Creo que lo he dicho ya: los libros de Umbral, que hoy pueden comprarse en los baratillos por unos céntimos, terminarán cotizándose como lo que son: para bien, o para mal, la obra de uno de los escritores más representativos de las aspiraciones y limitaciones de la literatura que se hizo en España durante el franquismo y los primeros años de la democracia. Tienen sabor de época y, al mismo tiempo, denotan un meritorio esfuerzo por trascenderla, es decir, por ir más allá de ese estilo vagamente azorinesco y un tanto redicho que tenían los más destacados prosistas que escribían en los periódicos de entonces. Para lograrlo, Umbral elaboró una curiosa mezcla del estilo peraltado del ya tres veces mencionado González Ruano y la cohetería de Ramón, trufado de algunas vetas de lirismo entre finisecular y becqueriano.

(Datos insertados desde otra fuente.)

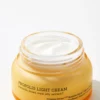 Full Fit Propolis Light Cream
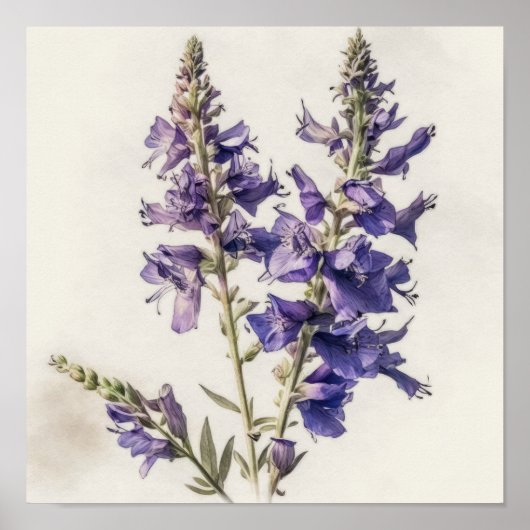 Lavendel Larkspur Flower Art Print Poster (Voorkant)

Esa mezcolanza tiene personalidad y encanto; y sirve también de eficaz vehículo para una especie de insatisfecho cinismo muy propio de entonces, pero que aún hoy puede resultar atractivo y eficaz.

Si alguien lo duda, haga lo que yo: enciérrese durante varias semanas en una biblioteca y lea decenas o centenares de periódicos de hace cuarenta años. Los artículos de Umbral eran lo mejor que podía encontrarse en ellos. Y nadie ha venido a sustituirlo en la prensa de hoy.

José Manuel Benítez Ariza

Autor/a: José Manuel Benítez Ariza

José Manuel Benítez Ariza (Cádiz, 1963) vive escribiendo y escribe sobre la vida: un poco cada día, un poco de todo, en una profusión hecha de muchas brevedades. Narrador, poeta, traductor y articulista, el hilo conductor de esta aparente dispersión de fuerzas es su "diario abierto" Columna de humo, en el que trata de explicarse.